Northampton

Northampton Town stadium work boss had 'already failed'

Sixfields Stadium's unfinished East Stand
Image caption Work on the East Stand has still not been completed

The director of a company employed to oversee the development of a football stadium had failed in a previous business venture, the BBC has learned.

Howard Grossman's firm was appointed by Northampton Town to manage the building of a new stand using £10m of taxpayers' money.

A BBC investigation has found one of his previous companies went into administration owing £1.2m.

His lawyer said some of the information was incorrect but did not elaborate.

"Our clients are bound by confidentiality provisions under a settlement agreement and as such cannot provide comment," the Debello Law firm said in a statement.

The stadium redevelopment remains unfinished and Mr Grossman's company, 1st Land Ltd, has been placed in administration. Northampton Borough Council is still trying to recover the money.

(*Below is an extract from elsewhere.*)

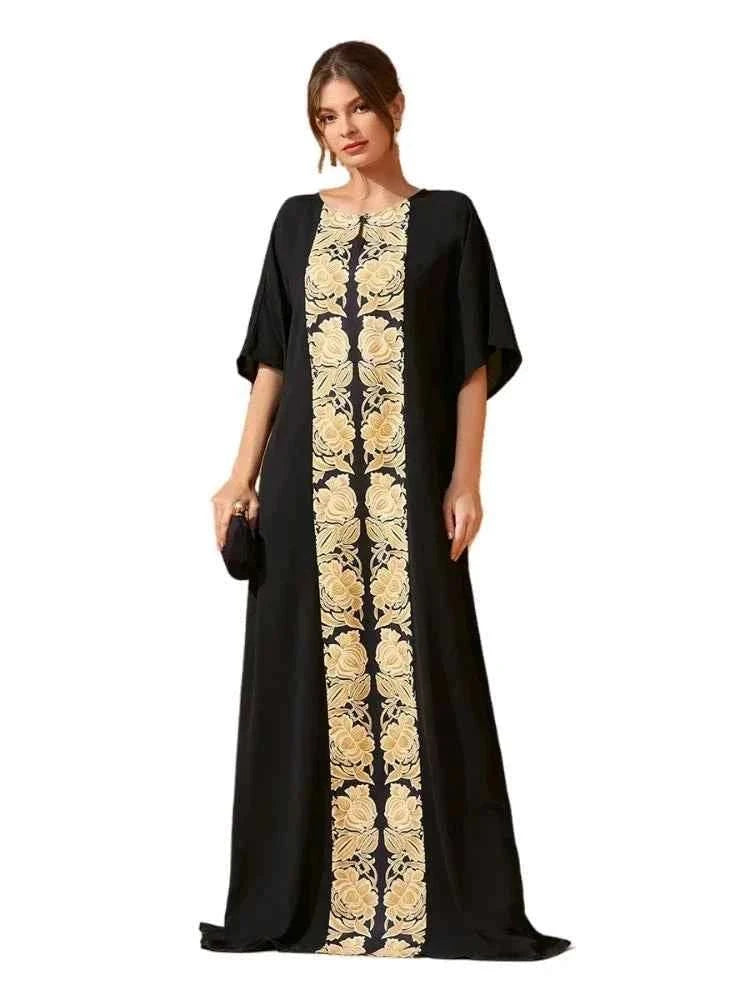 Black Floral Closed Abaya – Gold Embroidery Ramadan & Eid -  XS -  Abaya Vida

It said it carried out checks before it signed off the loan for the work on the East Stand at Sixfields.

The BBC investigation found another of Mr Grossman's companies, County Isle of Wight Ltd, went into administration two years ago with debts of £1.2m.

Administrator Alan Bradstock submitted a report on the conduct of the directors to the government, but no action was taken.

He said in his liquidator's progress report in July last year: "Loans had been drawn by both directors. It appears a total of £145,365 is outstanding. They believe the sums are not due.

"In accordance with the Company Directors Disqualification Act 1986 I have submitted a report on the conduct of the directors to the Department for Business Innovation and Skills."

The BBC has looked at the accounts of another company of which Mr Grossman's son Marcus was a director, along with David Cardoza, who is chairman of Northampton Town Football Club.

Image copyright Getty Images
Image caption Architects fees for the design of David Cardoza's family home were paid for by 1st Land Ltd, the BBC has been told

That company, County Cemetery Service Ltd, went into administration in October 2014. It had two unsecured creditors - 1st Land Ltd and County Homes Herts Ltd - to the tune of £282,156.

Its administrator reports that the assets were sold to Centurion Infinity Ltd. Companies House records show that one the directors of Centurion Infinity Ltd is Marcus Grossman.

In another development, the BBC has been told that thousands of pounds in architect fees for the design of Mr Cardoza's family home near Northampton were paid for by 1st Land Ltd before it went into administration.

Architect Stuart Loxton said he was then asked to reissue the invoice for over £18,000 with a new title, "Northampton Town Football Club - Design Concept Plans".

When asked about the house plans, Mr Cardoza said: "I have no knowledge of any of these invoices. Any suggestion that I do is false."

Northampton Town currently faces a winding-up petition from HM Revenue & Customs over £166,000, which is due to be heard next Monday.